If you have functionality in your product that you can use to both show and tell, doing so can be a great way to explain and reinforce the value of your product at the same time.

7) Videos Can Help

We love video at Groove. We use videos for marketing, onboarding, self-serve support and more.

And we’re not alone.

Many companies use videos as a way to walk new customers through a product.

When you sign up for Xero’s accounting software, the very first thing you see when you log in to your new account is a prompt to watch the ‘Getting Started’ video, a fantastic animated walkthrough that simplifies the onboarding process.

For inspiration, you can watch the full video, along with the rest of Xero’s excellent onboarding videos.

8) Make It Skippable

This is a simple tip, but overlooking it can frustrate a lot of customers.

For a lot of products, some of your “new” users won’t be new at all.

They’ll be users who are downloading your app onto a new device, signing up with a new email address, or any number of other scenarios that result in a returning user having to sign up again.

Don’t make these users go through your onboarding flow if they don’t want or need to.

Make a “skip” button easy to find and click, like Airbnb does here:

This will help your existing users avoid doing extra work, and offer an “out” to those new users who prefer to explore on their own to begin with.

9) Build the Relationship

In order to help your customers achieve success, it’s important to understand what success actually means to them.
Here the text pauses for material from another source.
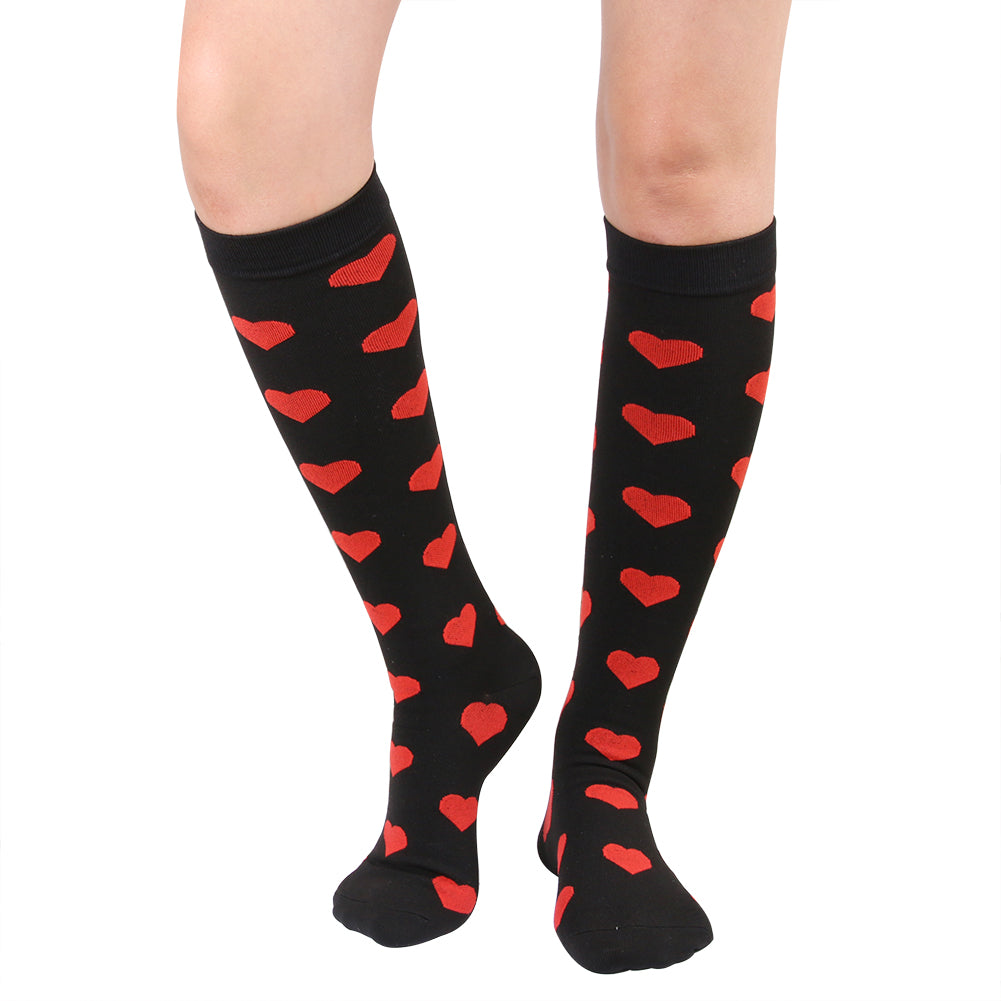 Valentine Hearts BLACK- Compression Socks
You might have your own idea of customer success (for example, when a customer uses your product a certain number of times), but customers never think in those terms.

The best way to understand customer-defined success is simple: ask the customer.

That’s what we do at Groove with our very first onboarding email that every new user receives:

The answers that we get to that question are incredibly valuable when it comes to understanding how our customers define success.

We get responses ranging from “I wanted a help desk that could help us stop missing support emails” to “we needed something to help us respond to customers faster”, and everything in between.

Hidden in many of these responses is the definition of success for many customers. Once we know that, it becomes a lot clear what our product must deliver on within the first few user sessions.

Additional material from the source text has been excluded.